Each of these artists could fill the theatre on their own, but in the spirit of musical sharing and the fun they have together, they have chosen to play smaller theatres and present an extremely intimate offering. In case you are unfamiliar… here’s some information about each of them:
EMMYLOU HARRIS
Twelve-time Grammy award winner Emmylou Harris has been hailed as a major figure in several of America’s most important musical movements of the past three decades. Harris’ contributions to country-rock, the bluegrass revival, folk music, and the Americana movement are widely lauded, and in recent years she also has carved out a sound that is uniquely her own. A steadfast supporter of roots music and a skilled interpreter of compelling songs, she also has been associated with a diverse array of admiring collaborators. Her 1995 Wrecking Ball was a watershed album for her, combining several world-music elements with acoustic instruments, driving percussion, and a folk/roots flavor.

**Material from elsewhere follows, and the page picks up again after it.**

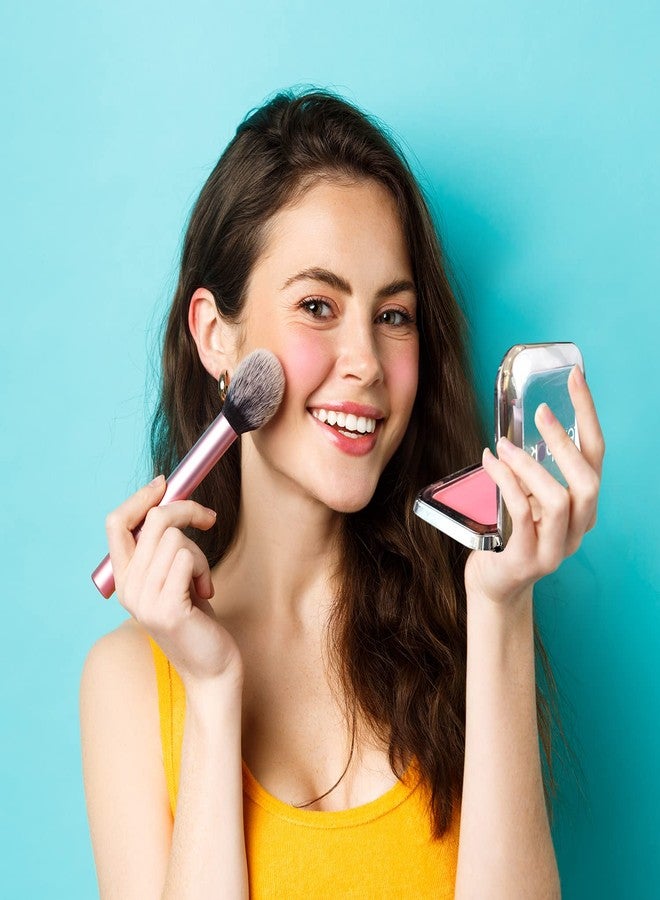 لينفور أحمر خدود لينفور تشيكيليشوس - مقاوم للتلطخ، بلمسة نهائية مطفية، يدوم طويلاً لمكياج الوجه | مُضيء احترافي | مكياج يومي | لون وردي فاتن - Image 2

The new style would evolve on a number of Harris’ subsequent releases, including 1998’s Spyboy, 1999’s Western Wall (a collaboration with Linda Ronstadt), and 2000’s Red Dirt Girl, which was praised as a showcase for Emmylou Harris’s songwriting talent.
SHAWN COLVIN
Shawn Colvin is one of the bright spots of the so-called “new folk movement” that began in the late ’80s. And though she grew out of the somewhat limited “woman with a guitar” school, she has managed to keep the form fresh with a diverse approach, avoiding the clichéd sentiments and all-too-often formulaic arrangements that have plagued the genre. In less than a decade of recording, Colvin has emerged as a songcraftsman with plenty of pop smarts, which has earned her a broad and loyal following. In an era when female singer-songwriters have been ever-more ubiquitous, Shawn Colvin stands out as a singular and enduring talent. The three-time Grammy winner has released eight albums to date, including the platinum A Few Small Repairs which featured the hit song “Sunny Came Home.”
PATTY GRIFFIN
Patty Griffin’s new album Children Running Through (ATO) continues the remarkable creative evolution that’s quietly established Griffin as a vital and singular musical force. It also belies her persistent sensitive-singer-songwriter image—a limiting perception that fails to fully convey the emotional depth and breadth of her songwriting or the emotive power of her fluid, soulful singing. Folk and rock singer Patty Griffin burst onto the national music scene in 1996 with her stark, emotional acoustic CDLiving with Ghosts. The album introduced a singer-songwriter of uncommon power. John Scheinman writing in the Fairfax Journal said, “Here’s this woman from Old Town, Maine … making the kind of record only Bob Dylan gets to make anymore…. [But] Griffin doesn’t need a band to fill the spaces because the songs come out of her gut with a conviction that’s more than enough.”
BUDDY MILLER
Behind the music is a modest man of extraordinarily broad skills. Emmylou Harris, in whose band Buddy served for 8 years, calls the 51-year old Ohio-born Nashville transplant “one of the best guitar players of all time.” Steve Earle, another former bandmate, pronounces him “the best country singer working today.” Records by artists ranging from Lucinda Williams to Trisha Yearwood have benefited from Buddy’s vocal and instrumental prowess. As for the taut, elegiac songs he composes, they could be mistaken for disinterred relics, resonant of a lost age when white and black music were casually consanguineous – could be, only cover versions by hitmakers like Lee Ann Womack, Brooks & Dunn, and the Dixie Chicks have proved their contemporary power, affirming Buddy as one of Music City’s most valuable writers. Then there is his superiority as a producer and engineer (Harris, Jimmie Dale Gilmore, Jim Lauderdale). And he has a nice sideline mastering records. He just finished touring with Allison Krauss and Robert Plant.